OHDSI / ETL-Synthea

A package supporting the conversion from Synthea CSV to OMOP CDM
https://ohdsi.github.io/ETL-Synthea/
98 stars 71 forks source link

R script needs lubridate casting in synthea/native and allowing NULLs in concept table? #13

Closed turbomam closed 5 years ago

turbomam commented 5 years ago

Thanks for releasing this tool.

I'm finding that I have to make some modifications in order to get the R code (and embedded SQL) to run. Is this surprising?

I'm using Windows 10, Postgres 11, and R 3.5.0

I created my synthea data set from GitBash like this:

./run_synthea -s 42 -p 1000 Massachusetts

So far I have modified LoadSyntheaTables to forcibly cast dates, and to cast UTILIZATION to numeric, not character. See below. The native synthea tables load now.

I also had to allow NULLs in concept.concept_name, concept.concept_code, concept_synonym.concept_synonym_name, and concept_relationship.valid_start_date. Now I can run all of the steps up to LoadEventTables, which give an error. I have substituted LoadCDMTables for that.
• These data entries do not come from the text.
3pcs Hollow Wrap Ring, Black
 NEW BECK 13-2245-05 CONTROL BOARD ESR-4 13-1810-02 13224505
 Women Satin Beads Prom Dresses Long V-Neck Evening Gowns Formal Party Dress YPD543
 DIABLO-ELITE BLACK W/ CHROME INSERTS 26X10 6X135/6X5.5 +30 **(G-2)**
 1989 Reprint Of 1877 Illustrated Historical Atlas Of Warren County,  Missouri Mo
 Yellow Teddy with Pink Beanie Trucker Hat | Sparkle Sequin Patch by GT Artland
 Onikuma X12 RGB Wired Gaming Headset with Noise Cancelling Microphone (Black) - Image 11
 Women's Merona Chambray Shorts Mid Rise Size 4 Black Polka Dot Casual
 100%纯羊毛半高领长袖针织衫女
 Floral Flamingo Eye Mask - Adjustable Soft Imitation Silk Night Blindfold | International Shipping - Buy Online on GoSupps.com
See #14

Modified LoadSyntheaTables

  function (connectionDetails,
            syntheaDatabaseSchema,
            syntheaFileLoc) {
    csvList <-
      c(
        "allergies.csv",
        "conditions.csv",
        "imaging_studies.csv",
        "medications.csv",
        "organizations.csv",
        "procedures.csv",
        "careplans.csv",
        "encounters.csv",
        "immunizations.csv",
        "observations.csv",
        "patients.csv",
        "providers.csv"
      )
    conn <- DatabaseConnector::connect(connectionDetails)
    for (csv in csvList) {
      syntheaTable <- data.table::fread(
        file = paste0(syntheaFileLoc,
                      "/", csv),
        stringsAsFactors = FALSE,
        header = TRUE,
        sep = ","
      )
      writeLines(paste0("Loading: ", csv))
      if ("CODE" %in% colnames(syntheaTable))
        syntheaTable$CODE <- as.character(syntheaTable$CODE)
      if ("REASONCODE" %in% colnames(syntheaTable))
        syntheaTable$REASONCODE <-
        as.character(syntheaTable$REASONCODE)
      if ("PHONE" %in% colnames(syntheaTable))
        syntheaTable$PHONE <- as.character(syntheaTable$PHONE)

      # if ("UTILIZATION" %in% colnames(syntheaTable))
      #   syntheaTable$UTILIZATION <-
      #   as.character(syntheaTable$UTILIZATION)

      if ("UTILIZATION" %in% colnames(syntheaTable))
        syntheaTable$UTILIZATION <-
        as.numeric(as.character(syntheaTable$UTILIZATION))

      print(tableName <- paste0(syntheaDatabaseSchema,
                                ".", strsplit(csv, "[.]")[[1]][1]))
      print(head(syntheaTable))

      if ("START" %in% colnames(syntheaTable)) {
        syntheaTable$START <- lubridate::as_date(syntheaTable$START)
      }
      if ("STOP" %in% colnames(syntheaTable)) {
        syntheaTable$STOP <- lubridate::as_date(syntheaTable$STOP)
      }
      if ("DATE" %in% colnames(syntheaTable)) {
        syntheaTable$DATE <- lubridate::as_date(syntheaTable$DATE)
      }

      if ("BIRTHDATE" %in% colnames(syntheaTable)) {
        syntheaTable$BIRTHDATE <- lubridate::as_date(syntheaTable$BIRTHDATE)
      }

      if ("DEATHDATE" %in% colnames(syntheaTable)) {
        syntheaTable$DEATHDATE <- lubridate::as_date(syntheaTable$DEATHDATE)
      }

      DatabaseConnector::insertTable(
        conn,
        tableName,
        data = as.data.frame(syntheaTable),
        dropTableIfExists = FALSE,
        createTable = FALSE,
        progressBar = TRUE
      )
    }
    on.exit(DatabaseConnector::disconnect(conn))
  }

Some warnings

Loading: concept_relationship.csv ...snip... 100%

1: In data.table::fread(file = paste0(vocabFileLoc, "/", csv), stringsAsFactors = FALSE, : Found and resolved improper quoting out-of-sample. First healed line 50165: <<44822272 "Light-for-dates"without mention of fetal malnutrition, 1,250- 1,499 grams 4180186>>. If the fields are not quoted (e.g. field separator does not appear within any field), try quote="" to avoid this warning.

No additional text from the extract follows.